The only things we know about the Mirth Gate

Despite all the media attention Seraph Moore has had over the past four months, he is now barely recognisable from his headshot sent to me by his media team. The give away as I take my seat opposite the diner table from him is his telltale yellow cravat, which sits, tossed aside, next to his full English breakfast.

“Sunlight is an issue, down at camp,” he says, which explains the pale complexion his skin has taken on. Even his eyes seem ringed with emerald when the morning light catches behind his glasses. “The plan is that by the time I get back, there will be some solution to that.” He waves his hand to dismiss the thought. I get the feeling he has bigger fish to fry.

When I ask if he’s willing to go on the record with the “down at camp” remark he bites his lip, as I imagine he’s running through a mental checklist that his legal team have given him. “It was just an expression,” he decides. “Down” alone would be the scoop of the year.

The location of the Mirth Gate is still only known to a few handful of people on Earth – and a couple who at any given time may not actually be on a Earth at all, if the theories around the Gate are to be believed.

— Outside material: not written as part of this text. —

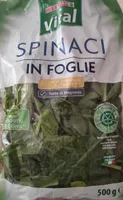 Spinaci in foglie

I have 10 minutes with Seraph which was begged for via a friend of a friend, and was only agreed to on the condition that I could bring him coffee beans from a Nottingham roastery that was local to me, but not anywhere near the Brighton seaside that Seraph would be conducting his UK business from in the eight hours he’s here. The greasy spoon, which was supposedly a pitstop before moving onto the makeshift hotel room-and-office, is already a live with others waiting their turn to speak with the Head Scientist.

“It wouldn’t help you to know,” Seraph said when I asked him if he could at least narrow down the continent the Mirth Gate was discovered. When I press for more, whether he means that cryptically, whether it wouldn’t help because there’s some “non-universal” physics at work, or if he simply meant the world wouldn’t be better off by knowing, he takes a bite from his toast and leaves the time-wasting silence lingering.

Seraph has been in charge of the Mirth Gate Research Project since the original research lead, Rodger Mirth, went missing in circumstances that the Project has been tight lipped on. Mirth’s first paper, published in International Journal of Thermal Sciences six months ago, revealed that he and his team of cave divers and deep-hole specialists had uncovered an unnatural rock formation which gave off an unusual heat signature that was not radioactive in nature. Attached to the paper was the only publicly released photograph of the Gate. (The torch lit, underexposed photo remains the only released photo.) It was only after efforts from people whose interests extend past thermal dynamics looked at the photograph that more was discovered about it: glyphs like Celtic runic inscriptions were chiselled into the rock.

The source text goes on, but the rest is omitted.